Happily Ever After

Life in The Rural Retreat with a beautiful wife, three cats, garden wildlife, a camera, a computer – and increasing amounts about running

Earlier posts can be found on Adventures of a Lone Bass Player, where this blog began life. Recent entries can be found here.

 


Rockin' In The Hebrides

by Russell Turner - 15:48 on 04 August 2016

It’s summer. It’s August. It’s raining. The Black Isle Show will have been a moist affair today. Yesterday was not as bad but still inclement enough to have put a bit of a damper on the Skye Highland Games at Portree. Maybe that’s why the community centre, venue of the after-games dance, was only lightly filled at the beginning of festivities – most people were home changing into dry clothes.

Spared of the need to transport our PA, City Limits needed just two cars to move personnel, one hanger-on, and instruments the 110 miles from Inverness to Port Rìgh where, after a lengthy soundcheck overseen by the local provider of amplification services, we sought out and eventually found our accommodation at Rhu an Dunain, cunningly hidden outside town at the end of several twisty roads.

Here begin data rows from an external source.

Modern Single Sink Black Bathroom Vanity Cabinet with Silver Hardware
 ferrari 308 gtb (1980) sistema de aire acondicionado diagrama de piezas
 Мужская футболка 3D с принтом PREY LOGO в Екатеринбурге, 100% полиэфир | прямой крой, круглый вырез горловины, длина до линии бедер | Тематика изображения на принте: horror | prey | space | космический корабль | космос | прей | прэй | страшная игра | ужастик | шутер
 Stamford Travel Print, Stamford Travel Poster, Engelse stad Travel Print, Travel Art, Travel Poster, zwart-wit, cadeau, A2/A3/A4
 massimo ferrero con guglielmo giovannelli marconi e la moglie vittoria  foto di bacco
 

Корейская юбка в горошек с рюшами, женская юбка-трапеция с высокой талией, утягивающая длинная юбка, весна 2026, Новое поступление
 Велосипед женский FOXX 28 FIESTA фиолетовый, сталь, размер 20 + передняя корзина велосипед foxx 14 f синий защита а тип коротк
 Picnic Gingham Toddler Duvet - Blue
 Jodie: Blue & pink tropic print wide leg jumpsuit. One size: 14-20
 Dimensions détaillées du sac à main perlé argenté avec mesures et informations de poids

After a warm welcome at the former B&B, pressed into service by event organisers because Skye was fully booked, we dumped bags and returned to Portree for food, Sam and I keen to sample the delights of the Taste of India – a venue embraced with varying degrees of enthusiasm by the rest of the group. It turned out to be a fine choice, with food just as good as its sister restaurant outside Kyleakin.

Fed and watered, or wined and dined according to inclination, we strolled across to the community centre to discover Sheepshank Redemption well into their ceilidh-based set but being mostly ignored by the smattering of punters inside the hall. The lack of enthusiasm continued after we took their place for our first set, but having been warned that this was the usual state of affairs we didn’t worry.

More people had arrived in time for the ceilidh band’s second set, which featured much unskilled ethnic dance in the body of the hall, and even more people by the time we concluded the evening with our second set which ended at one o’clock with an enthusiastic audience shouting for more. They should have got there earlier.

We’re out again on Friday night, back at our favourite venue of Johnny Foxes, and with fingers crossed that not everyone has gone to the nearby Belladrum music festival. With luck I’ll have recovered from Hebridean travel by then.